Anyway, I'd say that Portuguese is more similar to Castilian by sintaxis but more similar to Catalan by phonems. Specially Iberian Portuguese, I've been told by many people. When I speak Portuguese for instance, I have the "_perfect"_ Portuguese accent-phonetics. One day a Portuguese guy thought that I was Portuguese even that I don't speak it very well but the phonems are very very similar...(PS:maybe it helped that I was drunk though  )
I also confused a Portuguese girl to be Catalan because she spoke a perfect Central-Catalan and she learned it in few months.


----------



## angelina barbosa

Well, I would say that Portuguese definitely resembles Galician.


----------



## Tomby

angelina barbosa said:
			
		

> Well, I would say that Portuguese definitely resembles Galician.


Angelina, eu já respondi neste tópico:  



			
				Tombatossals said:
			
		

> ... o idioma mais semelhante ao português é o catalão além do galego, que segundo diversas opiniões de importantes filólogos dizem que se trata da mesma língua.

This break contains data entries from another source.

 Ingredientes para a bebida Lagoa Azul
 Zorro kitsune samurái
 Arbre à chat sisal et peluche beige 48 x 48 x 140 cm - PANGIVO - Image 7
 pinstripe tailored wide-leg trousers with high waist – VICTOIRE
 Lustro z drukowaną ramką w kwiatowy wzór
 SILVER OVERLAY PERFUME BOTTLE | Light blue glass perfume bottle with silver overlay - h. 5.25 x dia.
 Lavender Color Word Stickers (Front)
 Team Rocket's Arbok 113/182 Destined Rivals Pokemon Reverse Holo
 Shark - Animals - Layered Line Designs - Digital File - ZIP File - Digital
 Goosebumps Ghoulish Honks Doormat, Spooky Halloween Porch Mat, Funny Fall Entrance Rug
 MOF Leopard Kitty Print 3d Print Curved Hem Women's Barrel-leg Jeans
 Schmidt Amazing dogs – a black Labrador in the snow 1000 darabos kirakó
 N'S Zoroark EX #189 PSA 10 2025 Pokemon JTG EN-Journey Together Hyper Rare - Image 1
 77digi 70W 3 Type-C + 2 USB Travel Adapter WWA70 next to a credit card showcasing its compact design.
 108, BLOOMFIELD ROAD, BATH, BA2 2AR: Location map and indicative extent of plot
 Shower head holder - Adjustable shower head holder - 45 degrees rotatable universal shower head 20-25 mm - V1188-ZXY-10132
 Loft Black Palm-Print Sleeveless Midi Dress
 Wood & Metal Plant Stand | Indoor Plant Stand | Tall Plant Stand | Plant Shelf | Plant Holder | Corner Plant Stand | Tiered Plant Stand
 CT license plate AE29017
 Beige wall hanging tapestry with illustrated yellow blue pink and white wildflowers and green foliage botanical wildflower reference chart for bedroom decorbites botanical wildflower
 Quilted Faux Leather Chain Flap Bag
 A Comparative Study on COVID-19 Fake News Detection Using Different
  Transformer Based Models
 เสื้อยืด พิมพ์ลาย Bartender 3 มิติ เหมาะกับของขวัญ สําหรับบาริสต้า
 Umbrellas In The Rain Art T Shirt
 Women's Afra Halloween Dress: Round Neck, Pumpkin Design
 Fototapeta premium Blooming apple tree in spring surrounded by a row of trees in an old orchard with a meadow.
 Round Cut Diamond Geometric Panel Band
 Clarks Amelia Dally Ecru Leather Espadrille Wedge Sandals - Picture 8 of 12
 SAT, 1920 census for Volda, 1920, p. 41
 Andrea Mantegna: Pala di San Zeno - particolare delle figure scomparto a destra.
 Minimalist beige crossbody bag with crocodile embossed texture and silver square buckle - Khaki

Não sei, nem posso opinar sobre este tema...


 
Cumprimentos!


----------



## latormentabritanica

Etymologists trace portuguese back to Galician, and therefore is related more to Spanish than to Italian.  However, much of the evolution of Spanish grammar has not bled through into Portuguese (i.e. stem-changing verbs, personal "a"), and the pronunciation of many consonants is more related to those in Italian (i.e. j, g, ss, intervocalic s, z, etc).


----------



## Outsider

Welcome to our forum. Just a note: depending on what you mean by 'stem-changing verbs', we have some in Portuguese, too.


----------



## latormentabritanica

I am fully aware of the use of stem-changing verbs in Portuguese, however their presence is not to the same extent as in Spanish.


----------



## Outsider

Oh, you must be talking about the diphthongation of stressed vowels which occurs in many Spanish verbs! For example, _poder-puedo_, _sentir-siento_, etc.


----------



## latormentabritanica

That's exactly what I'm talking about!  I'm studying for a Linguistics degree right now, but I'm in the first class so I haven't gotten all the terminology down.  However, the concept of poder-puedo etc. has always been referred to as being a "stem-changer" in the shall we say "normal" world.


----------



## Outsider

_Conocer-conozco_: is this not a stem change, too?


----------



## latormentabritanica

I'm not sure to be honest


----------